WASHINGTON — On the eve of President Bush’s Middle East trip, five Iranian patrol boats charged at three U.S. Navy ships entering the Persian Gulf on Sunday in what the Pentagon described as a “serious” provocation.
The high-speed Iranian boats, manned by Revolutionary Guards, dropped “white boxlike objects” in the water that the U.S. ships evaded, according to Vice Adm. Kevin Cosgriff.
“I am coming at you. You will explode in a couple of minutes,” a radio transmission from one of the patrol boats warned.
The U.S. ships were preparing to fire at the Iranian vessels when the Iranians abruptly turned and sped away, U.S. officials said.
The Bush administration Monday cautioned Iran about the potential dangers of such actions.
“We would urge Iran to refrain from any provocative actions that could lead to dangerous incidents in the future,” said State Department spokesman Sean McCormack. “There are a number of military as well as commercial vessels that have legitimate passage through the Strait of Hormuz. We believe that should continue.”
Iran played down the incident as a “regular and natural issue.”
“That’s something normal taking place every now and then for each party, and it (the problem) is settled after identification of the two parties,” Foreign Ministry spokesman Mohammed Ali Hosseini told Iranian news agency IRNA.
Similar incidents in the past were resolved when the two sides identified each other, he said.
But U.S. officials rejected that claim.
“This is not something that our vessels encounter (daily),” McCormack said.
U.S. military officials said Iran would have no question about the identity of U.S. ships.
The confrontation, which lasted between 15 and 20 minutes, comes at a particularly sensitive juncture in the three-decade history of U.S.-Iranian tensions. The Bush administration imposed tough sanctions on the Revolutionary Guards and its foreign-operations branch, the Quds Force, in October and is pressing for similar measures in a U.N. resolution this month.

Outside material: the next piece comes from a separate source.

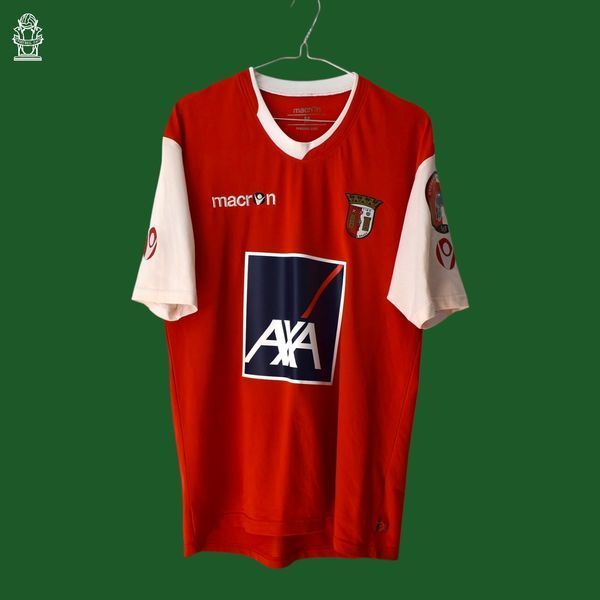 SC Braga 2008-2009 home shirt Macron in size M with Alan on the back 4877 PHOTO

President Bush also is expected to make Iran a centerpiece of his Middle East tour, particularly during his stops in the Gulf countries that face Iran. The Iranian media have been highly critical of the visit.
“American officials are extremely worried about how things are unfolding in the Middle East, and the only way they found to cover the failure of American plans is to arrange for the American president to go on a boisterous visit to the Middle East so the razzmatazz and propaganda surrounding this visit overshadows their serious failures in the region,” the conservative Jomhuri Eslami editorialized over the weekend.
But U.S. officials said they were uncertain of the motive behind Iran’s action. McCormack called Tehran’s decision-making process “opaque.” The three U.S. ships were sailing in international waters.
2 Navy jets collide; all 3 pilots rescued
WASHINGTON — Two U.S. Navy fighter jets plunged into the Persian Gulf on Monday after a midair collision, but all three pilots were rescued safely, Navy Vice Adm. Kevin Cosgriff said Monday. He said the pilots have been brought back to the USS Harry Truman, their aircraft carrier, and are in good condition.
According to the Navy, teams from the Truman rescued the three aviators who ejected after their F/A-18 Super Hornets crashed during operations in the northern Gulf. Cosgriff said both aircraft were destroyed. Information from the 5th Fleet said the two jets were providing “close air support from Iraq when they crashed.”